Natural product honokiol exerts anti-methicillin resistant Staphylococcus aureus infection activity by targeting pyruvate kinase to inhibit glucose metabolism.

Abstract

The global spread of methicillin-resistant Staphylococcus aureus (MRSA) urgently demands novel therapeutic strategies. This study demonstrates that honokiol (HNK), a natural biphenolic compound, is a potent and broad-spectrum agent against MRSA, including clinical isolates. HNK exhibited rapid bactericidal activity, effectively disrupted biofilms, and in a murine abscess model, significantly promoted wound healing while reducing pro-inflammatory cytokines, with excellent biocompatibility. Through an integrated multi-omics, biochemical, and biophysical approach, we identified pyruvate kinase (PYK), the terminal enzyme of glycolysis, as the primary cellular target. Remarkably, HNK employs a dual-targeting strategy, concurrently inhibiting PYK enzyme activity and downregulating pyk gene transcription. Molecular docking, dynamics simulations, and computational mutagenesis delineated the precise binding mode and validated key interaction residues.
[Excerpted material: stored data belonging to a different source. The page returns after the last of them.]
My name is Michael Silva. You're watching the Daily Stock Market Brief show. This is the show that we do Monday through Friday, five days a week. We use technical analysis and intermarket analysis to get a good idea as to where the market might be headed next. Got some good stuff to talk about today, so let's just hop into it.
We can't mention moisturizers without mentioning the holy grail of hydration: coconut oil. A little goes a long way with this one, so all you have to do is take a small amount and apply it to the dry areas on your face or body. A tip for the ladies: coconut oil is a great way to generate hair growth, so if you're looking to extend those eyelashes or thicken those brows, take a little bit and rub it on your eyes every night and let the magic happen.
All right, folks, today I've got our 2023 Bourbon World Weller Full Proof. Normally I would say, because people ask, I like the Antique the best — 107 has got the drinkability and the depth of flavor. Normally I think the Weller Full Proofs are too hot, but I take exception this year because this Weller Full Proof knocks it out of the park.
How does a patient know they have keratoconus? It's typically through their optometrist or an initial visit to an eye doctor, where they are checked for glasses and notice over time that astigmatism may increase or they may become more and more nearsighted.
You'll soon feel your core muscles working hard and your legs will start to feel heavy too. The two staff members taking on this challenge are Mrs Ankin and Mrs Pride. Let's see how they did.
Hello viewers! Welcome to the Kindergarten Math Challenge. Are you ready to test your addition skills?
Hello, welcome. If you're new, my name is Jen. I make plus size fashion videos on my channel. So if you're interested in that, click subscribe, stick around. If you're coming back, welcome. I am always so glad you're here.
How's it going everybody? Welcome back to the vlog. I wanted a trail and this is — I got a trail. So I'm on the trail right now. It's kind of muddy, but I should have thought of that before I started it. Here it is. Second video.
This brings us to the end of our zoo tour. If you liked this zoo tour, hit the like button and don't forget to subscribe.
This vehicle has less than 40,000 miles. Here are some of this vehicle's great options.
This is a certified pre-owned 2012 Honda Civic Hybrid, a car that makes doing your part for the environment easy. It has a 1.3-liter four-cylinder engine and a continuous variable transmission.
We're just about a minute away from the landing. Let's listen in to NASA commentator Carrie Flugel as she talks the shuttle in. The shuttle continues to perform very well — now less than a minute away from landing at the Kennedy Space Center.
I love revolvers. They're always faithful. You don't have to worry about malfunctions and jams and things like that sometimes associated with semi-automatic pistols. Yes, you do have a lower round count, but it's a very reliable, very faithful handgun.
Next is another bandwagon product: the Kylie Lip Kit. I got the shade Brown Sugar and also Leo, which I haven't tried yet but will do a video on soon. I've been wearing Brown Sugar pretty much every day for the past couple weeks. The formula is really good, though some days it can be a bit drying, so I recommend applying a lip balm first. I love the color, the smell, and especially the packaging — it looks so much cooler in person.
This concerted attack triggers a catastrophic metabolic cascade severe obstruction of glycolytic flux, impairment of the TCA cycle, profound depletion of ATP/NADH, and oxidative stress ultimately leading to bacterial death and virulence attenuation. Our findings not only elucidate a novel antibacterial mechanism centered on the simultaneous transcriptional and functional inhibition of a metabolic hub but also provide a structural basis for drug design, positioning HNK as a valuable lead compound against multidrug-resistant staphylococcal infections. The definitive genetic validation of PYK as the essential target remains the critical next step to advance this therapeutic strategy.